The players had 50K in chips to work with at the start, and several players put those chips to work quickly. Baseem Nseir was locked up with Hagop Ketendjian on a J-6-5-6 flop and turn with a growing pot between them. A King completed the board and Ketendjian checked his option to Nseir, who fired off a bet of 12,500. Ketendjian looked at the board, which also presented three clubs for a flush potential, and made the call, which turned out to be the wrong decision; Nseir, in the cutoff, turned up a surprising 6-3 for turned trips, and Ketendjian sent a sizeable chunk of his stack over to Nseir.
Dinnertime!
By the time the dinner bell rang, some players had made substantive moves towards being around for the final table next week. Anthony Piacquadio was one of those players, sitting as the only player over the 300K mark with his 324,800 in chips. There were a couple of other challengers in Spencer Grigull (272,700) and Spencer McLean (231,300), but the remainder of the field was under the 200K level.
You do not win a poker tournament on Day One, and you certainly do not win it before dinnertime. Piacquadio would clash with Kevin DiPasquale on a K-Q-2-A-5 board after DiPasquale moved all in on the river. Pondering his fate – a call was for all his chips – Piaquadio decided that DiPasquale was bluffing on the three-heart board and called the bet. Piaquadio left the Playground immediately after making the call once DiPasquale showed pocket Aces, leading all the way in the hand turning an unnecessary set to scoop the over 300K pot.

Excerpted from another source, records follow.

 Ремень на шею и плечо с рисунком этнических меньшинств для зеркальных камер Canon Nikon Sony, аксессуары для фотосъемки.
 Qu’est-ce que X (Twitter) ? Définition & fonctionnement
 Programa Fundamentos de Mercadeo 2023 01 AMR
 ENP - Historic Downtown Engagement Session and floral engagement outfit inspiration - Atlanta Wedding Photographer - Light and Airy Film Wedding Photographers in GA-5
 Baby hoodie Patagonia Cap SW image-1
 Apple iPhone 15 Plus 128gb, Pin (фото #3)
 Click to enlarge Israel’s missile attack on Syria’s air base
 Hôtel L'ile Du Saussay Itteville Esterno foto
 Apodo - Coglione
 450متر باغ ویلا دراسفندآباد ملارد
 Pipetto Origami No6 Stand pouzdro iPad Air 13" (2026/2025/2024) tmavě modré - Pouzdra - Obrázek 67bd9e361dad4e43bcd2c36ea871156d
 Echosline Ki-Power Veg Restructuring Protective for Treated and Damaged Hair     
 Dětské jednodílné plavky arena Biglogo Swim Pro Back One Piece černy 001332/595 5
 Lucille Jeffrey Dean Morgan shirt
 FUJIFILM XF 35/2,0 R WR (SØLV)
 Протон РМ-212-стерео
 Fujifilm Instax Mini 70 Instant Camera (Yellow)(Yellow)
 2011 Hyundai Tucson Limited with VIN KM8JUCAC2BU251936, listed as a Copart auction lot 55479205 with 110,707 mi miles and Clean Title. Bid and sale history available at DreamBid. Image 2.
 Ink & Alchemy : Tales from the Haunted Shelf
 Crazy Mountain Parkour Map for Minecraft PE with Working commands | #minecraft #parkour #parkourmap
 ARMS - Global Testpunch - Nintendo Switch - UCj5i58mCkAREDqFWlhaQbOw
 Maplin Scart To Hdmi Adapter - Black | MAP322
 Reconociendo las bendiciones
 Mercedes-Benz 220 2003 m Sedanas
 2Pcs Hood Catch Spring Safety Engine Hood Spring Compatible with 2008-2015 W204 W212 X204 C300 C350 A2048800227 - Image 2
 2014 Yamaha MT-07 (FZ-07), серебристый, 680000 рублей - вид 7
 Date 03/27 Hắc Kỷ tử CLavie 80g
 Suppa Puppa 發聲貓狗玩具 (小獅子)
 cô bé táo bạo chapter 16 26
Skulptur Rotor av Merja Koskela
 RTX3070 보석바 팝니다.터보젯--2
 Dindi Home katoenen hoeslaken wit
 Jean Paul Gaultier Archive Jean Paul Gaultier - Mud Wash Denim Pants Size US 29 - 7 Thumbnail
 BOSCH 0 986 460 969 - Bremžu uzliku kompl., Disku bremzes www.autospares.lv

There was only one player who was able to top Dipasquale on the Day 1A leaderboard. Dongwoo Ko was able to navigate the stormy Playground waters to hold 456,500 in chips, good for the lead at this mark of the tournament. Two more Day Ones remain to add in, but here are the Top Five of the thirty-six players who were able to survive Day 1A:
1. Dongwoo Ko, 456,500
2. Kevin DiPasquale, 364,500
3. Choon Pyo Chun, 310,000
4. Travis Stams, 303,500
5. Ko Maddock, 284,000
These players are happy with their position and will move on to Day 2 on Sunday, but players lower in the standings maintain the option of abandoning their stacks and taking another shot. Day 1B begins at 11 AM on Friday (and will substantially add to the prize pool) before Day 1C’s flood of participants takes the floor on Saturday. By the close of the late registration period, which is the start of play on Day Two on Sunday, we should know whether the $2 million guarantee has been met and the WPT Montreal (the tournament has not been played since 2019, when it crushed its guarantee) will then kick into finding its next champion.